Ibrahim*, heureux, à la réception du kit alimentaire qui lui permettra de nourrir sa famille, déplacée par les violences. ©2SCom

C’est le cas d’Ibrahim*, 63 ans, agro-éleveur originaire du sud-ouest du Niger. Suite à une attaque dans son village qui lui a coûté son champ et son troupeau, il a pris la fuite avec ses 20 enfants. Après une cinquantaine de kilomètres de marche, ils sont arrivés dans une des localités où Vétérinaires Sans Frontières intervient.

« Nous sommes arrivés tard dans la nuit.

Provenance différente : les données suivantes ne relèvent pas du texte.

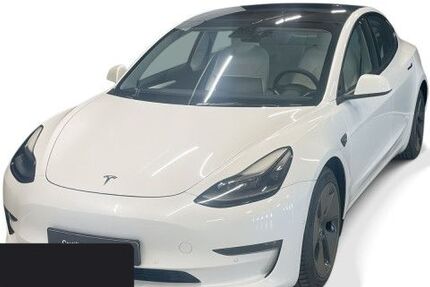 Tesla Model 3 75.329 km 30.000 &euro; Hanau 63457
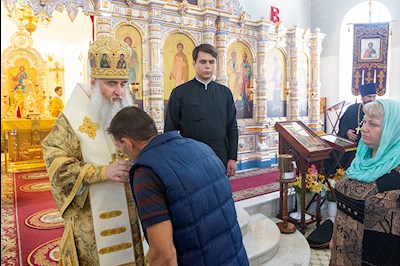 Божественная литургия в Петропавловском храме г. Аткарска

Nous avons dormi à la belle étoile durant des jours, sans nourriture, avant de trouver un logement de fortune dans cette communauté », explique le sexagénaire lors de notre distribution de vivres.

Une aide alimentaire pour offrir un répit aux familles déplacées

Une distribution de vivres organisée par Vétérinaires Sans Frontières pour soulager les populations déplacées au sud-ouest du Niger. ©2SCom

Du sucre, de l’huile, du lait, de la farine enrichie pour les jeunes enfants, des céréales et des fruits. Voilà ce que peuvent se procurer quelques 1073 familles grâce à nos coupons alimentaires. D’une valeur de 64 euros, ils doivent leur permettre de passer la période de soudure, qui précède la prochaine récolte. « Nous sommes très contents de recevoir cette nourriture car nous avons passé des jours entiers sans manger », nous confie un des fils d’Ibrahim* avec un grand sourire.

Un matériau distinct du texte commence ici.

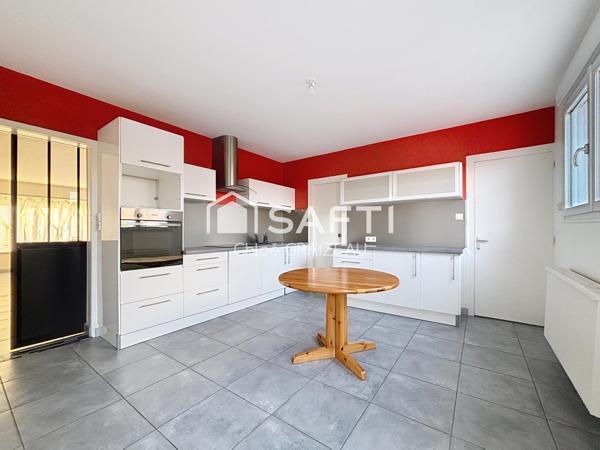 Maison de bourg, 129 m², 3 chambres et un bureau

Trois distributions de vivres ont déjà eu lieu. Sachant qu’une famille nigérienne compte en moyenne sept personnes, c’est plus de 7500 personnes qui en bénéficient depuis le mois de juillet. A présent, c’est au tour de Mariama* de recevoir son kit alimentaire. Un soulagement pour cette jeune femme qui a dû prendre la fuite avec ses deux enfants : « Nous venons de passer trois jours sans manger. Avec ces vivres, nous allons pouvoir manger à notre faim pendant quelques semaines. » Suite à l’assassinat de son mari par des groupes armés, Mariama* s’est retrouvée complètement sans ressources. Dans les semaines qui viennent, elle espère trouver le moyen de se lancer dans l’élevage pour subvenir aux besoins de ses fils.

Les communautés hôtes à bout de souffle

Aicha* s’entretient avec l’agent de Vétérinaires Sans Frontières venu lui apporter son kit alimentaire. ©2SCom

Mais les familles déplacées ne sont pas les seules à avoir besoin d’aide. Face à l’afflux de déplacés, les ressources du village sont sous pression. Pour éviter les tensions entre communautés hôtes et déplacées, nous ciblons donc aussi certains habitants des communes-refuge. Aicha*, 68 ans, à qui nous apportons des vivres à domicile, en fait partie : « Sans cette aide, nous allions tous mourir de faim, » soupire-t-elle. Alitée depuis près d’un an, elle survit en grande partie grâce à l’assistance alimentaire.

Si cette assistance est cruciale, elle ne suffit évidemment pas à relever ceux qui ont tout perdu. En parallèle de ces actions, nous mettons donc d’autres activités en place, axées sur la subsistance à plus long terme. Nous insistons notamment sur la réinsertion des jeunes. Une manière de leur offrir des perspectives d’emploi, dans une région instable où ils sont la principale cible de recrutement des groupes armés. Des actions essentielles pour enrayer le cercle vicieux de la violence.

Plus de témoignages


Depuis 1997, nous sommes actifs au Sahel et notamment au Niger pour soutenir les communautés vivant de l’élevage en vue d’améliorer leur bien-être et de renforcer leur résilience face aux chocs. Avec l’appui de l’Union européenne (DG-ECHO), nous distribuons actuellement des vivres aux populations agropastorales hôtes et déplacées au sud-ouest du Niger.

*Pour des raisons de sécurité, les noms des personnes interviewées ont été modifiés. Dans l’intérêt de nos équipes et de nos bénéficiaires, nous ne dévoilons pas nos localités d’intervention.